I quickly threw together a simulation to address this in R. It is pretty limited (as I don't have much time right now), but potentially interesting. It simulates independent t test p values where the samples are drawn from independent, normal distributions with equal variances but different means (and n = 25 per group). The population standardized effect size is fixed at d = 0.5 (as psychology research generally reports median effect sizes around this value). Fixing the parameters is unrealistic, but is perhaps OK for a quick simulation.
I ran this several times and plotted p curves (really just histograms with bins collecting p values at relevant intervals). First I plotted for an early career researcher with just a few publications reporting 50 p values. I then repeated for more experienced researchers with n = 100 or n = 500 published p values.

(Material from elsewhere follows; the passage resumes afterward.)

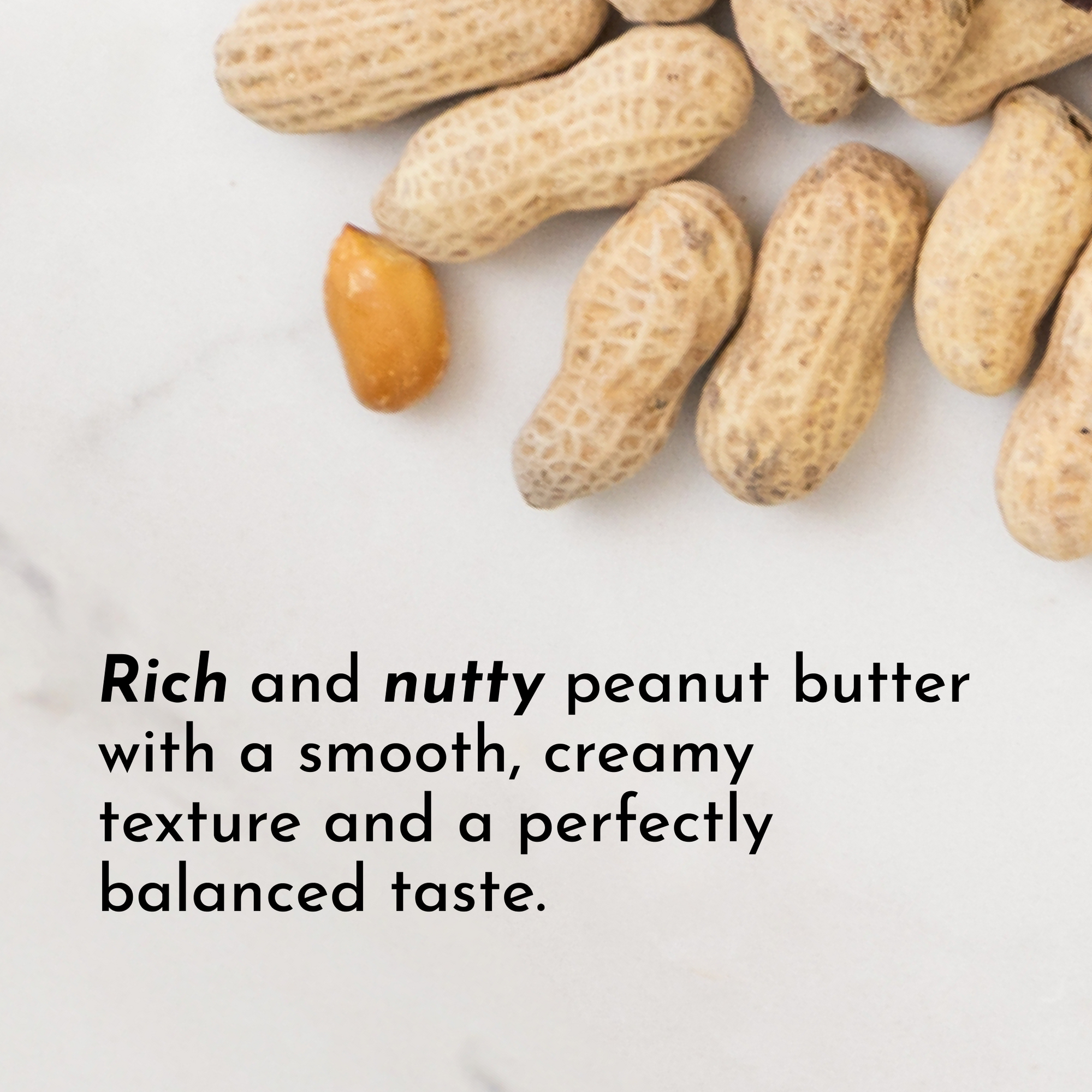 Peanuts in their shells with one unshelled peanut on a light surface.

Here are the 15 random plots for 50 p values:
At least one of the plots has a suspicious spike between p = .04 and .05 (exactly where dodgy practices would tend to push the p values).
What about 100 p values?
Here the plots are still variable (but closer to the theoretical ideal plotted on Kraus' blog).
You can see this pattern even more clearly with 500 p values:
Some quick conclusions ... The method is too unreliable for use with early career researchers. You need a few hundred p values to be pretty confidence of a nice flat pattern between p = .01 and p = .06. Varying the effect size and other parameters might well inject further noise (as would adding in null effects which have a uniform distribution of p values and are thus probably rather noisy).
I'm also skeptical that this is useful for detecting fraud (as presumably deliberate fraud will tend to go for 'impressive' p values such as p < .0001). Also (going forward) fraudsters will be able to generate results to circumvent tools such as p curves (if they are known to be in use).